Колхозники, зная его как добродетельного, трудолюбивого мальчика, согласились, чтобы он работал на пасеке. И не ошиблись.
Когда Коля стал работать пчеловодом, то получил возможность уединенно молиться. Дома, среди большой семьи это делать было трудно. А на пасеке стоял сарай, в котором он устроил молитвенный уголок. Работал и молился. Благодаря его труду и молитвам пчелы перестали дохнуть. Наоборот, стали умножаться и давать столько меда, что все только удивлялись и спрашивали, как ему это удается.
– Благодаря Богу, – отвечал мальчик-пасечник.

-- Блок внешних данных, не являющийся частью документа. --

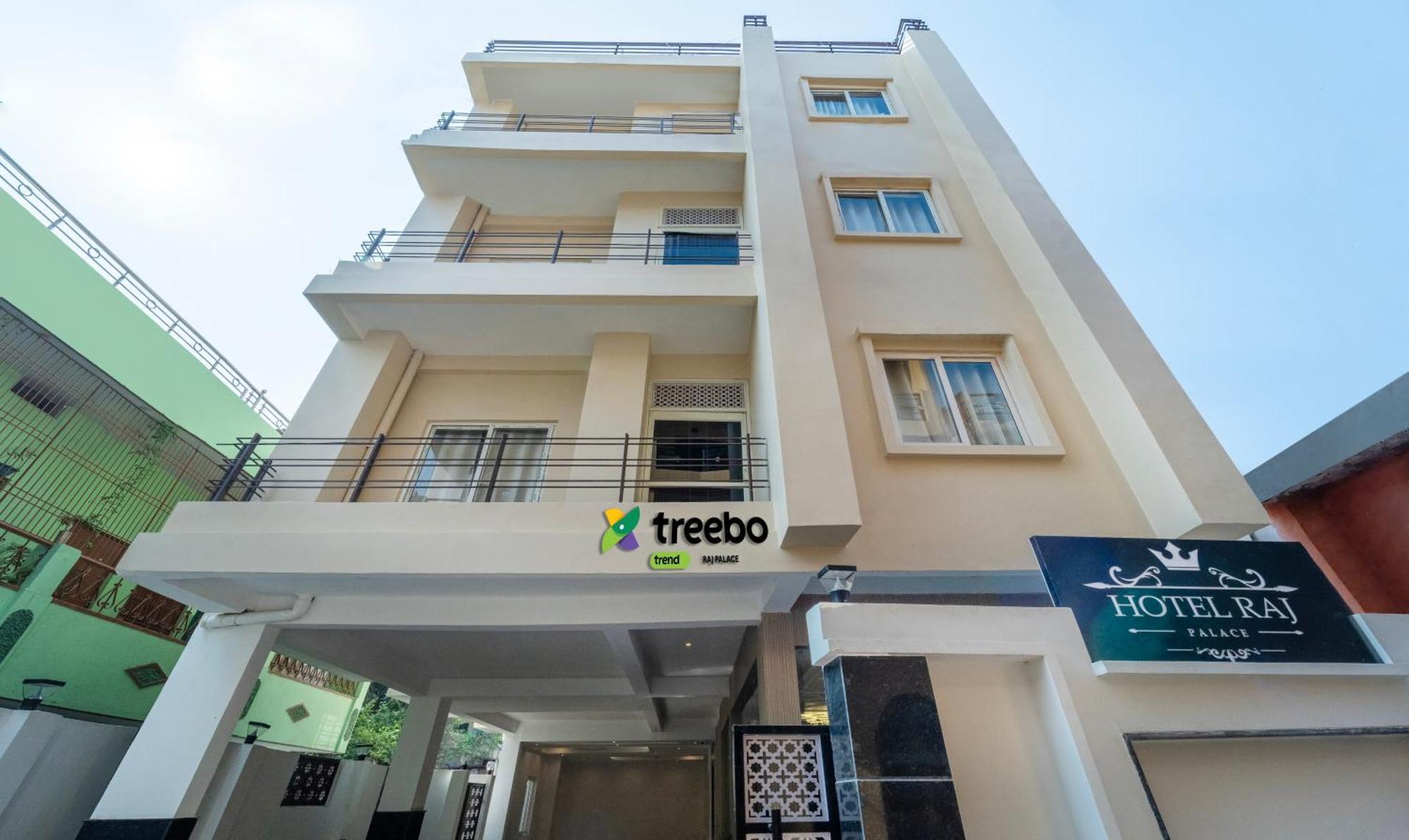 Treebo Raj Palace Varanasi Exterior photo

«Пасека, на которой я работал, – вспоминал отец Авель, – в саду стояла. Там яблони росли, крыжовник, малина, смородина. Помню, лето было такое дождливое, все ягоды могли замокнуть и опасть. Мы их даже собрать не могли из-за дождей. И без меда могли остаться. Пчелы в такую погоду ничего не приносили. Стал тут надо мной бригадир ехидничать:
– Где ж, – говорит, – Коля, твои угоднички? Куда они смотрят?
– Нам самим надо Бога просить, чтоб дождик перестал, – ответил я.

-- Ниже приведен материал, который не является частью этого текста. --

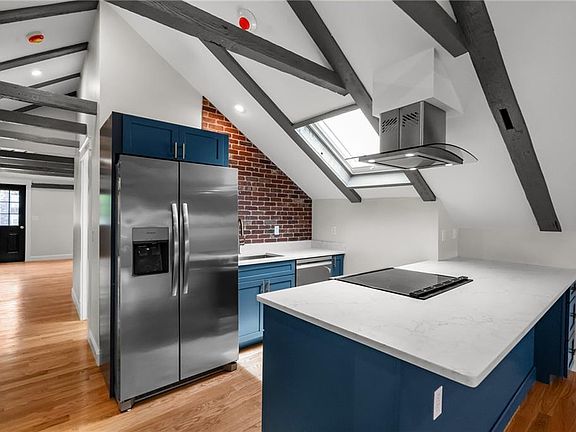 2nd image of 474 Thames St #3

– Ну вот ты и проси. Ты же у нас шибко верующий, – как-то по-злому сказал бригадир.
Ничего я не ответил. Пошел в сарай, где у меня инструменты хранились, а в уголке иконы стояли. Затеплил свечи, стал молиться. Вскоре дождь прекратился. Конечно, я не приписывал это себе. Просто благодарил Бога, и все. И никому не говорил, что просил Его о том, чтобы дождь прекратился. Но бригадир что-то заподозрил и говорит мне:
– Небось думаешь, что это твой Бог дождик остановил.
– Все в Его силах, все Ему подчиняется, и дождь, и солнышко, – ответил я.
– Да при чем тут Бог? Просто природа так устроена. Разошлись тучи – дождь и перестал.
Я не стал спорить и сказал:
– Ну, пусть так…
И вдруг всего через час дождик вновь как ливанет! И туч никаких не было. Бригадир оторопел. Подошел ко мне и говорит:
– Ты уж прости, я, наверное, это… не того чего-то сказал… Наверное, какой-то Бог все-таки есть…»
А Коля Македонов пошел на службу в Скорбященский храм, поставил Господу свечку и благодарно помолился за явленное Им чудо, вразумившее бригадира.
В Скорбященскую церковь Коля Маке-донов ходил на службы, несмотря ни на какую погоду. Однажды зимой он шел со всенощной службы домой в Никуличи, и вдруг поднялась такая сильная пурга, что ни зги не было видно. Сбился Коля с пути, заплутал. Долго ходил из стороны в сторону, пытаясь найти путь, но тщетно. Только из сил совсем выбился и даже замерзать стал. И тогда взмолился Коля ко Господу с просьбой о помощи. Вдруг видит: откуда-то неожиданно появился старичок и помахал ему рукой – иди, мол, за мной. Коля пошел. Когда вдали появились домишки села Никуличи, старичок так же неожиданно исчез. Коля Македонов понял, что этот добрый помощник был не кто иной, как Николай Угодник, имя которого носил и он, и его родное село. Святитель Николай – он же ведь первый помощник путешествующим!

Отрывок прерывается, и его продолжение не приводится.